Но есть в "Чуде на Гудзоне" и несколько неожиданный пласт. Легко представить, как другой, пусть талантливый, но менее мудрый режиссер превратил бы историю пилота Салленберга в рассказ о черном и белом. Авиационные власти в данном случае, конечно, были бы средоточием зла, а герой в белых одеждах торжественно одерживал бы над этим злом победу. Иствуд избегает использования столь дешевого пафоса, снимая картину не об абстрактных героях и негодяях, вставляющих им палки в колеса, а о живых людях.
Неслучайно Том Хэнкс, играющий Салленберга, тут постоянно строит недоуменную мину, когда совершенно незнакомые люди, узнав, что именно он спас жизни полутора сотням человек, кидаются ему на шею и пытаются угостить пивом в баре.
Иствуд ни секунды не сомневается в правоте главного героя своей картины, но он далек от его идеализации. В то же самое время и противостоящая ему государственная машина - глупая и неповоротливая - состоит из людей, которые делают свою работу и уверены в том, что делают ее во благо других людей. Просто эти люди слишком увлеклись компьютерным моделированием ситуации с авиакатастрофой и забыли про человеческий фактор.
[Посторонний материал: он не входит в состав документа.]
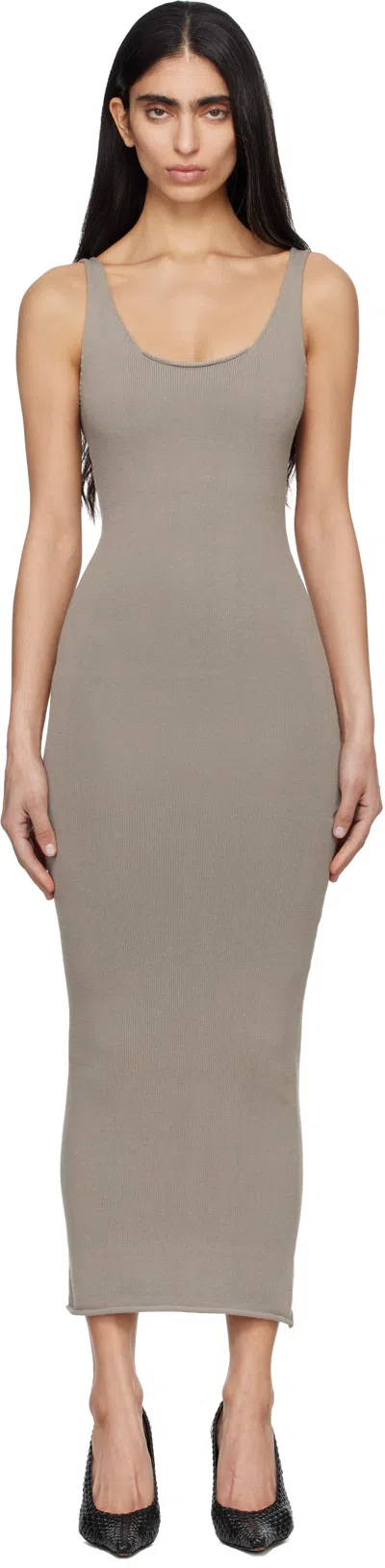 Entire Studios Gray Raw Knit Midi Dress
Этот фактор - один из самых важных моментов, на котором Иствуд максимально сосредоточивается. Противостояние Салленберга и его обвинителей неслучайно показано в фильме как противостояние человеческой честности и чиновничьей упертости. Честность апеллирует к фактам и эмоциям, без учета которых невозможно принятие ни одного критически важного решения. Упертость чиновников эмоциональную сторону вопроса вовсе игнорирует - и пытается организовать заведомо неправое дело, поверив не человеку, а машине и ее компьютерной симуляции реальности.
Тут можно, конечно, кивнуть на почтенный возраст режиссера, который не доверяет современным технологиям. Но с одним из главных выводов фильма поспорить все-таки сложно - идеально нарисованные машиной вероятности чаще всего так и остаются вероятностями, в реальности масса деталей изменяет картину до неузнаваемости.
В финале "Чуда на Гудзоне" Иствуд добавляет к этому посылу еще один моралистичный месседж.
Не превращая чиновников, пытающихся добиться отстранения Салленберга, в отрицательных героев, он снял в итоге не шаблонный фильм о противостоянии человека и системы, но скорее смог, наоборот, создать гимн самим понятиям честности и правосудия.
Самые сентиментальные последние минуты картины - о том, что, конечно же, нормально функционирующее общество обязательно разберется, что к чему, а невиновным ни в коем случае не придется понести несправедливое наказание.
Это едва ли не самый оптимистический и идеалистический для иствудовских картин финал, который, с одной стороны, конечно, выглядит излишне сентиментально, но с другой - язык не повернется назвать его искусственным и неуместным.